In 2019, YUNGBLUD dropped the nostalgic 2000s pop-punk hit ’11 Minutes’ with Halsey and pop-punk veteran Travis Barker (of Blink 182), and it essentially propelled him into a bigger wave of limelight (not to mention the attention he was getting from dating Halsey). He dropped a few more singles, ‘Loner,’ a quintessential British punk track, ‘Parents’, a fight back at the older generation and ‘original me’ with Imagine Dragons’ Dan Reynolds. He also jumped on Machine Gun Kelly’s ‘I Think I’m OKAY,’ reuniting with Travis Barker. Later on in the year, YUNGBLUD officially released the ep the underrated youth and it remained to be a message to Gen Zers to keep fighting.

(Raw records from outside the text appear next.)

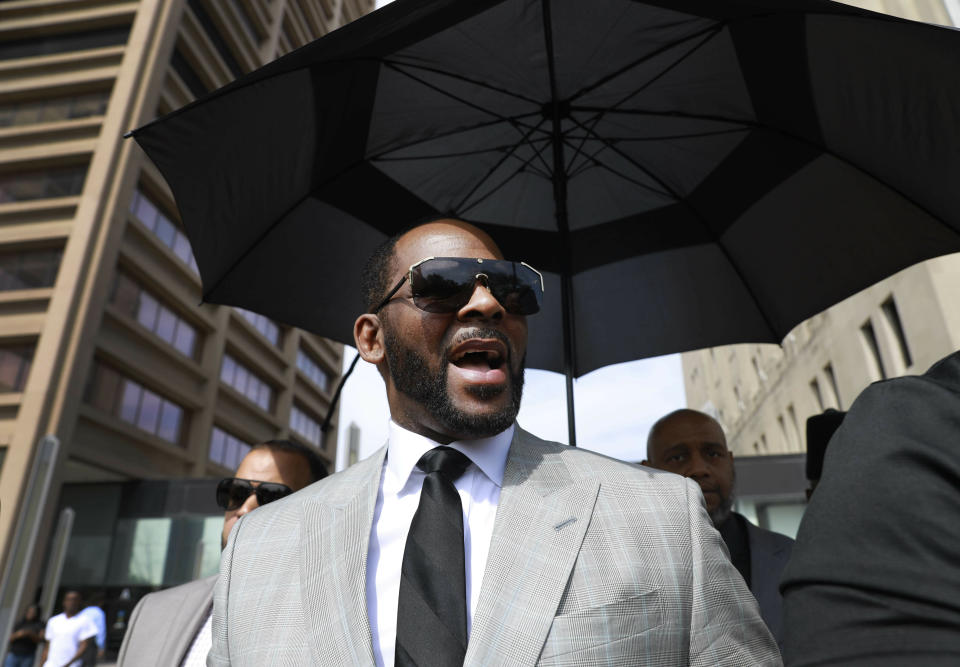 FILE - In this Thursday, June 6, 2019, file photo, musician R. Kelly leaves the Leighton Criminal Court building, in Chicago. Kelly is due in a New York City court, Friday, Aug. 2, 2019, for an arraignment on charges he sexually abused women and girls. (AP Photo/Amr Alfiky, File)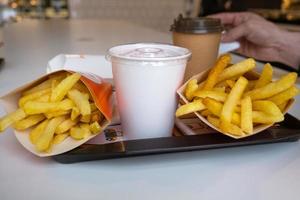 comida rápida en una bandeja en un restaurante. papas fritas, un vaso con batido, café foto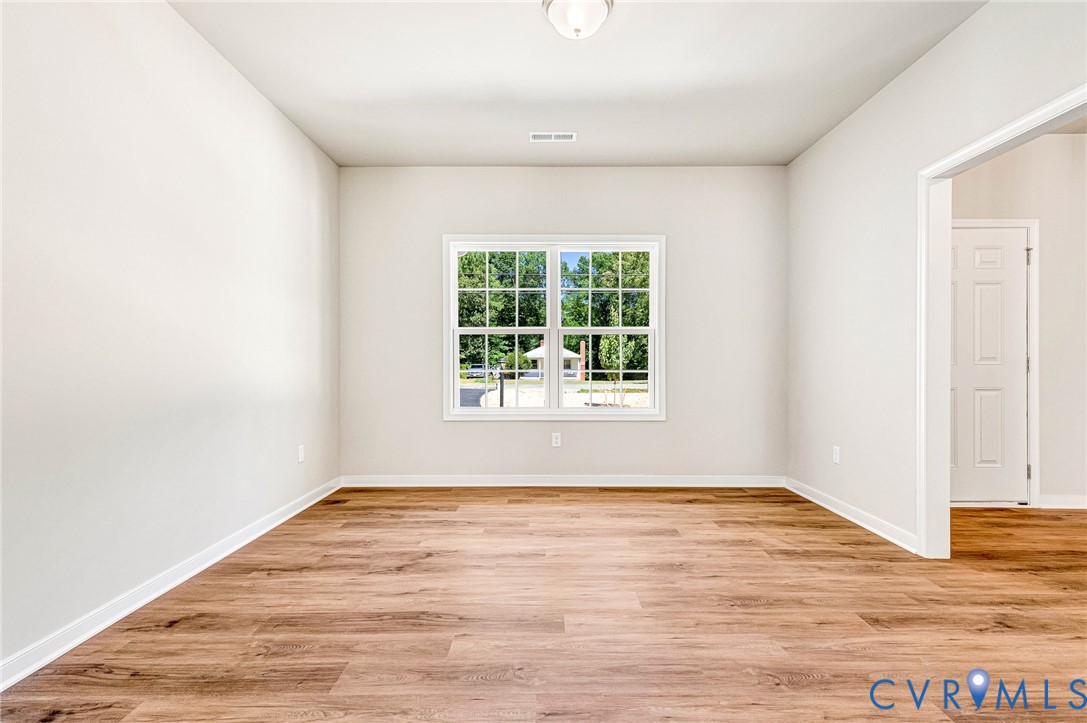 8355 Patrick Henry Boulevard Mechanicsville, VA 23116 - Photo 10 of 48 an empty room with wooden floor and windows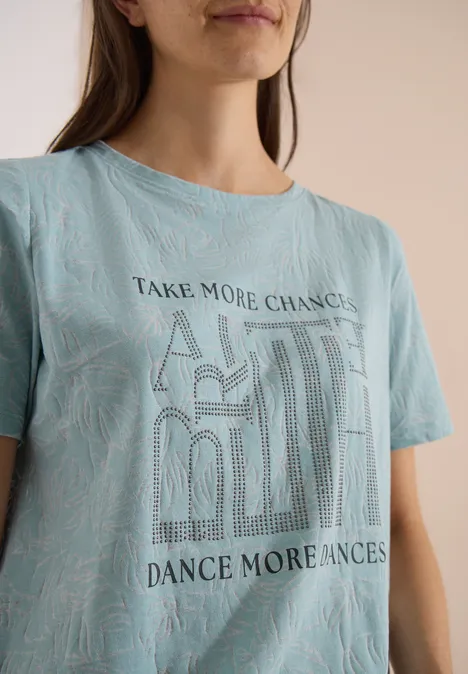 T-Shirt in Ausbrenner-Optik crystal mint Dame in blauem T-Shirt mit 'Take More Chances, Dance More Chances' Schriftzug und Muster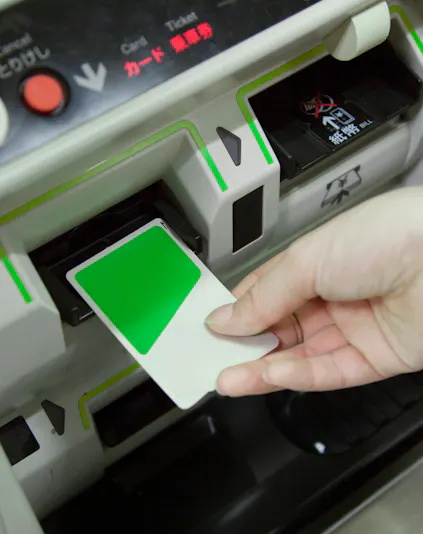 Inserting Suica IC Card into ticket machine in Japan.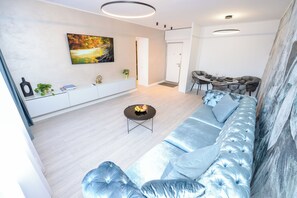 Apartment, 1 Bedroom, City View | Living area | Books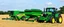 Placeholder: Parked at the edge of a field is a Claas brand Combine(left) Vaderstad Seeder(middle) and a John Deere Tractor(right) simplified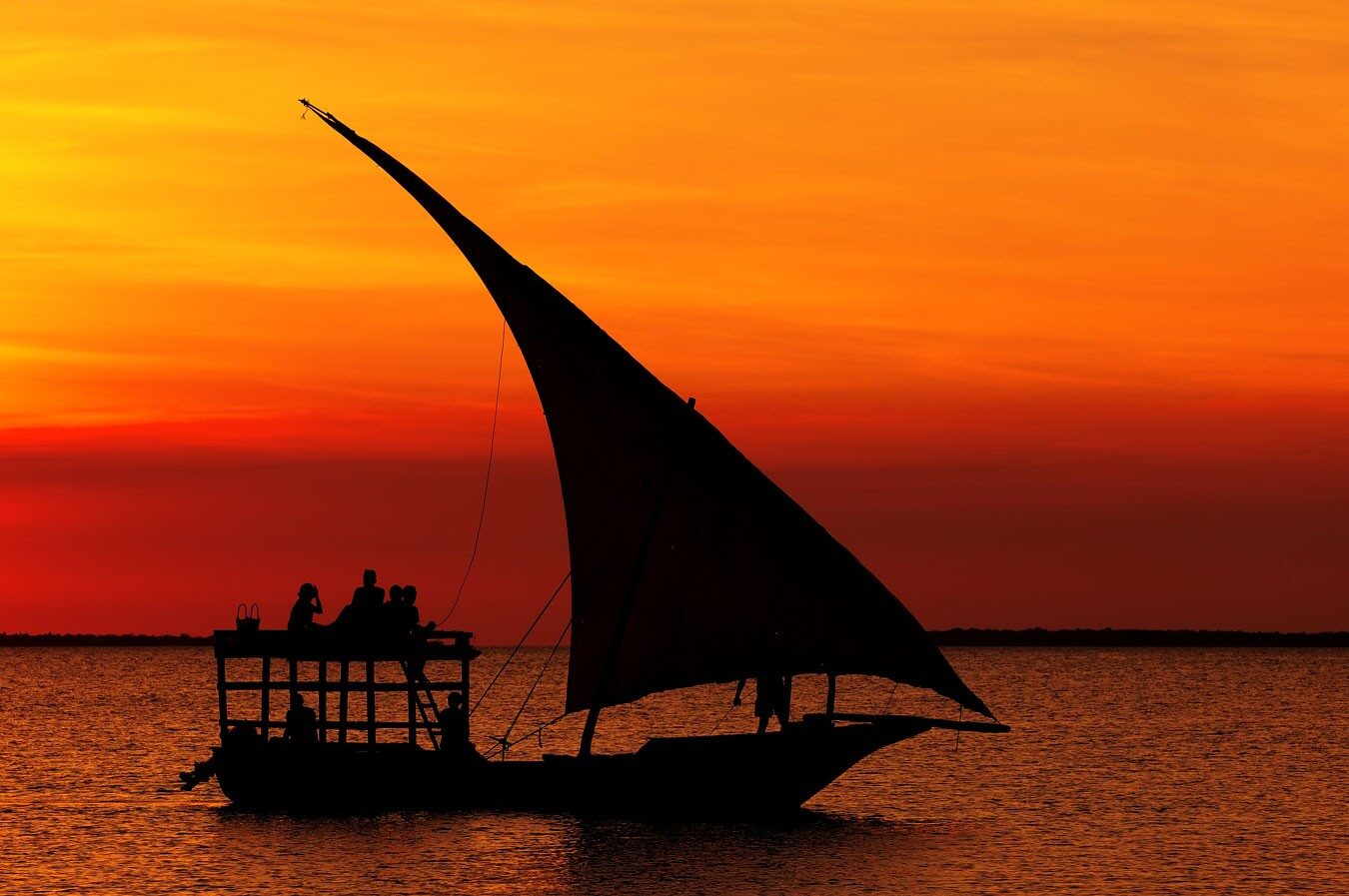 Traditional dhow sailing during a golden Indian Ocean sunset near Kendwa Beach in Zanzibar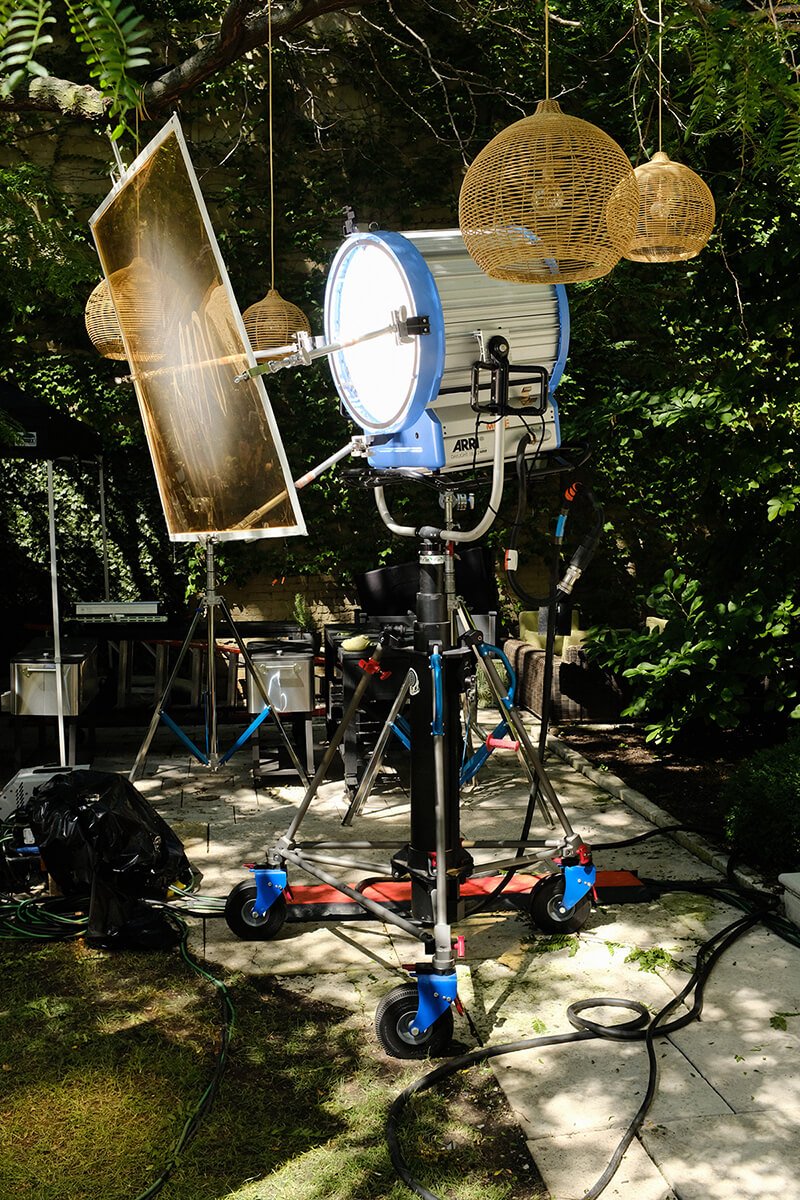 Professional film or video lighting equipment set up outdoors, including a large light with a reflector, a circular light, and wicker pendant lamps hanging from trees.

Now, in 2020, Harrison isn’t showing any signs of slowing YUNGBLUD down. He’s joined Marshmello and blackbear on EDM single ‘Tongue Tied’ and just recently dropped ‘Weird!’, a new sound that sees the star stepping into synth-pop. He’s been busy working on his new album, working a YouTube series that lets fans stay updated with him during lockdown, and protesting Black Lives Matter in California for days on end. At only 22, Harrison has still got a long way to go. And he plans on putting every single second to good use.